Tom Hanks hat bestritten, dass "Forrest Gump" ein politischer Film sei. Aber schon beim Kinostart vor 20 Jahren wiesen Kritiker auf den zutiefst konservativen Ton des Streifens hin. So werden etwa das kritische und das dunkle Amerika, die Schattenseiten der USA nie dem Titelhelden zugeschrieben, sondern nur dem drogenabhängigen Hippie Jenny. Ihr Tod, so schrieb eine Kritikerin damals, symbolisiere das Ende des liberalen Amerikas und der Gegenkultur der 60er Jahre.

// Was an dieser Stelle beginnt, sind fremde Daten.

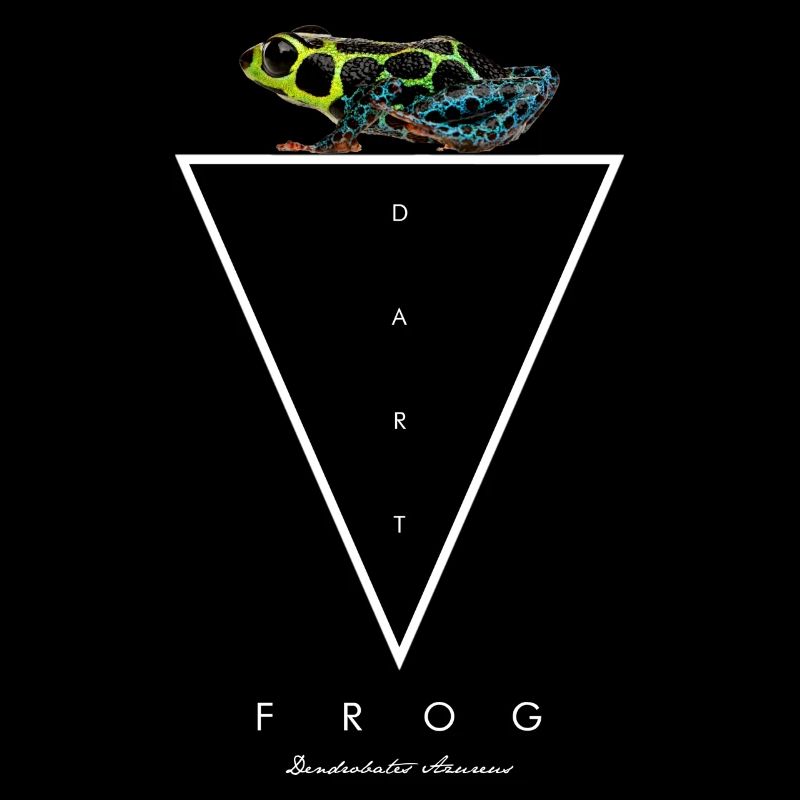 Mimische Pfeilgiftfrosch Ranitomeya Imitator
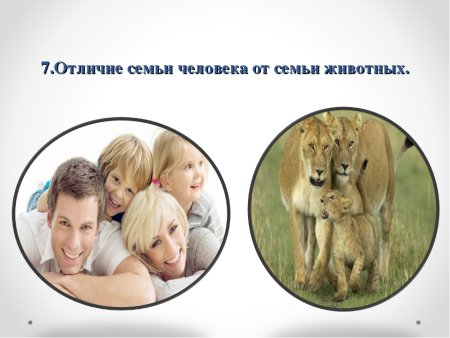 Отличия детей от животных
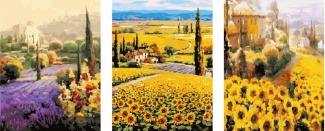 Картина по номерам ТРИПТИХ Paintboy PX 5260 Цветочные поля 3 шт. 40x50 см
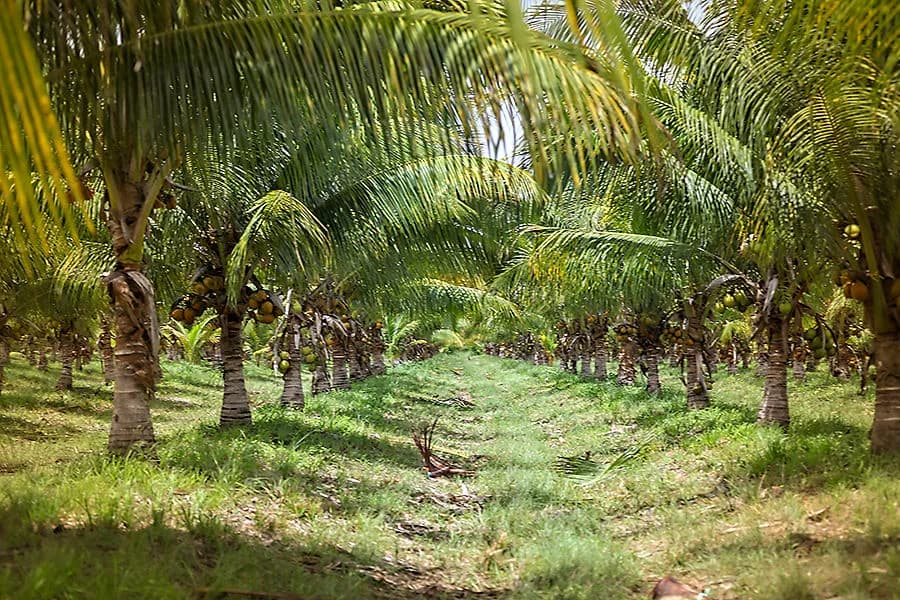 PF0042 – 966 ACRES COCONUTS AND OTHER PRODUCING CROP – STANN CREEK BELIZE
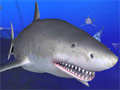 Living 3D Sharks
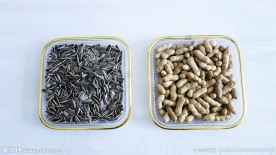 瓜子与花生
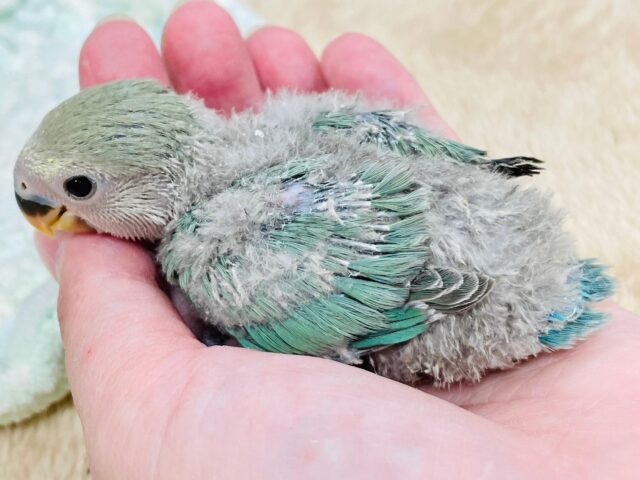 コザクラインコ（小桜インコ）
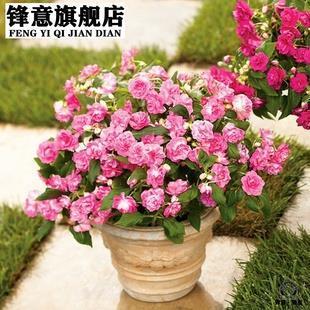 乘云行泥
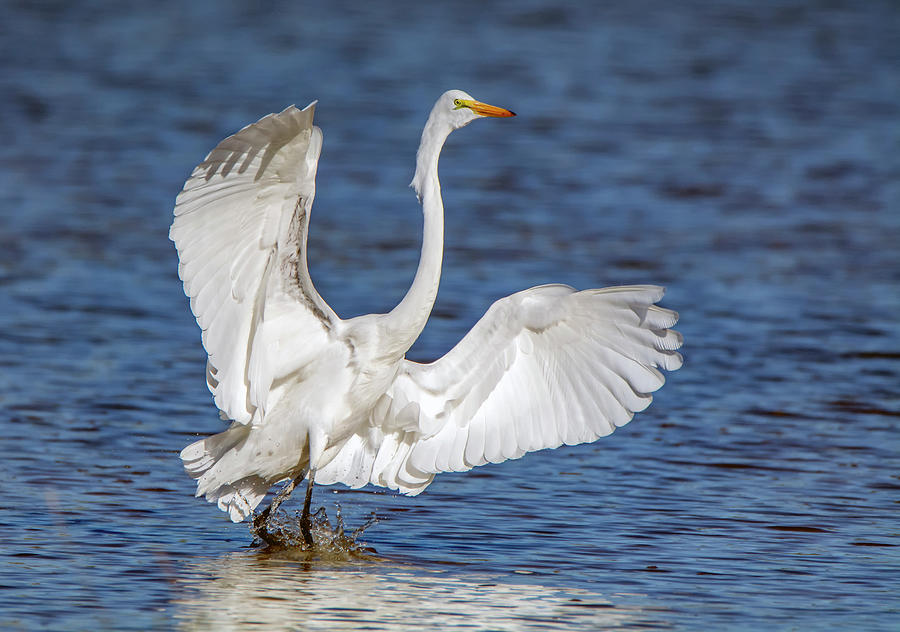 Great Egret 8955-1100918-2 Photograph by Tam Ryan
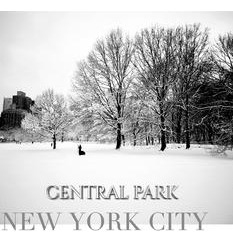 Libro Central Park New York City Winter Wonderland Blank ...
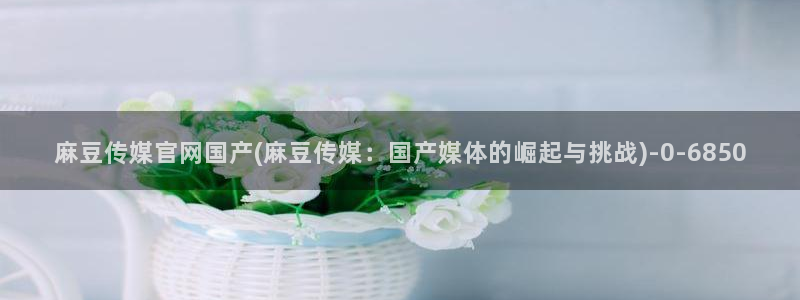 麻豆视频大全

Forrest dagegen, der einfältige Tor, hangelt sich völlig unbeeindruckt von den amerikanischen Krisen der 60er und 70er Jahre von Erfolg zu Erfolg. Dabei sind diese fast nie sein Verdienst, er folgt immer den Anweisungen anderer. "Lauf, Forrest, lauf!", ist nur die berühmteste davon. Sein Gehorsam, seine Unterwürfigkeit machen einen Großteil seiner Leistungen aus, ob als Football-Spieler, Soldat oder Schrimp-Fischer.

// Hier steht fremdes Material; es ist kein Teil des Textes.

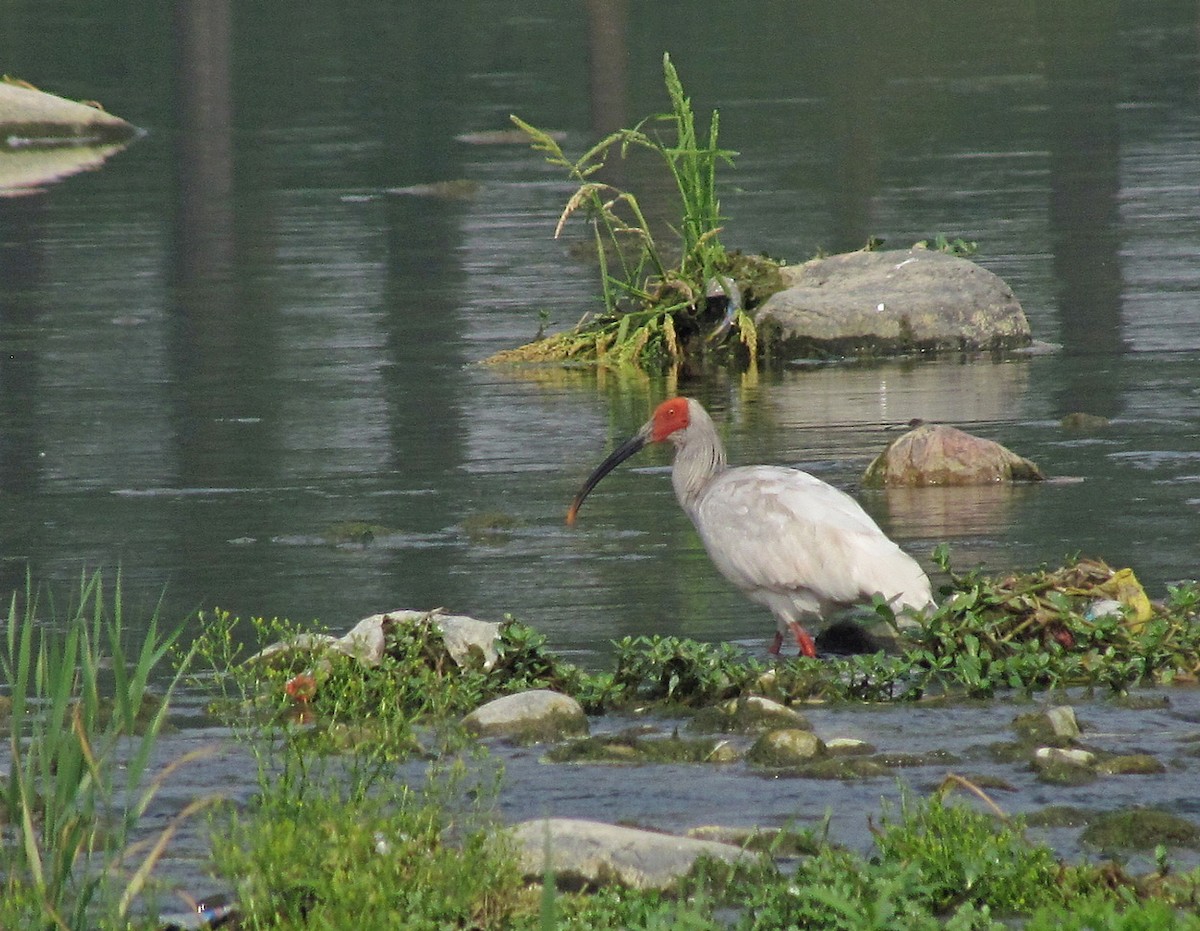 Crested Ibis - ML612420208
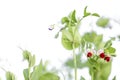 Beautiful close up of green fresh peas and pea pods. Healthy food. Selective focus Royalty Free Stock Photo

Andere Kritiker sehen gerade deswegen in dem Film kein konservatives Pamphlet, sondern ganz im Gegenteil die ironische Dekonstruktion eines typisch amerikanischen Aufsteigers. "Forrest Gump" ist demnach ein Streifen, der der Verlogenheit des American Way of Life den Spiegel vorhält. Nicht Fleiß und Talent sind hier entscheidend für den Erfolg. Hier kann es jeder Trottel zu etwas bringen.